Buradasınız
Nankör Olan Egemenler mi İşçiler mi?
Gebze’den işsiz bir kadın işçi
Geçtiğimiz günlerde Cumhurbaşkanı Erdoğan Batman’da bir açılış törenine katıldı. Açılıştan açılışa koşan, her gün nutuklar atan, en az 400 milletvekili isteyen, hadi o olmadı 325 olsun diyen, başkanlık hayaliyle yanıp tutuşan Erdoğan’ın işçilere olan düşmanca tutumu her fırsatta kendini farklı örneklerle gösteriyor. Somalı madencileri tokatlayan, yerlerde tekmeleten, emekçilere “ananı da al git” diyen, gittiği her yerde insanları azarlamayı huy edinen Erdoğan, son olarak Batmanlı petrol işçilerini azarladı. Bir grup TPIC işçisi, konuşma yapan Erdoğan’a seslerini duyurmak için “Başkan TPIC İşçisine Sahip Çık” sloganı attılar. Bunun üzerine Erdoğan işçileri nankörlük etmekle suçladı. “Bir yerde çalışıyorsunuz nankörlük yapmayın! Bir imkân size tanınmış, oralarda çalışıyorsunuz. Başbakanımız gerekli açıklamaları yaptı. Seçimden sonra bunların adımları atılacak. Provoke etmeyin” dedi.
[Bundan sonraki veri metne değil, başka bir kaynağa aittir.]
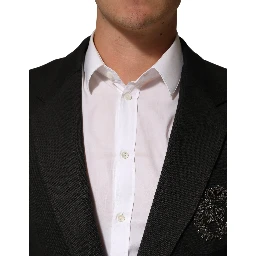 Black Embroidered Single Breasted Men Jacket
İşçilere yönelik bu üstten ve kibirli tutum, Erdoğan’ın temsil ettiği para babalarının işçilerin örgütsüzlüğü karşısında takındıkları küstah tutumun bir devamıdır. Erdoğan’a göre, üç kuruşa köle gibi çalıştırıldıkları bir iş sahibi oldukları için işçiler şükretmeli, onların sırtından geçinen patronlar değil! İşçiler ne zaman haklarını isteseler baskı ve şiddetle karşılaşıyor, küstahça azarlanıyorlar. Onları işsiz bırakanlar değil hak talep eden işçiler provokasyon yapmakla suçlanıyor. Oysa en büyük provokasyon insanları ücretli köle haline getiren, işçileri sömüren bu düzenin kendisidir. Patronların hizmetinde olan, onlara durmadan teşvik paketi kıyağı yapan AKP ve Cumhurbaşkanı sıra işçilere geldiğinde kölelerini kırbaçlayan efendi kesiliyor.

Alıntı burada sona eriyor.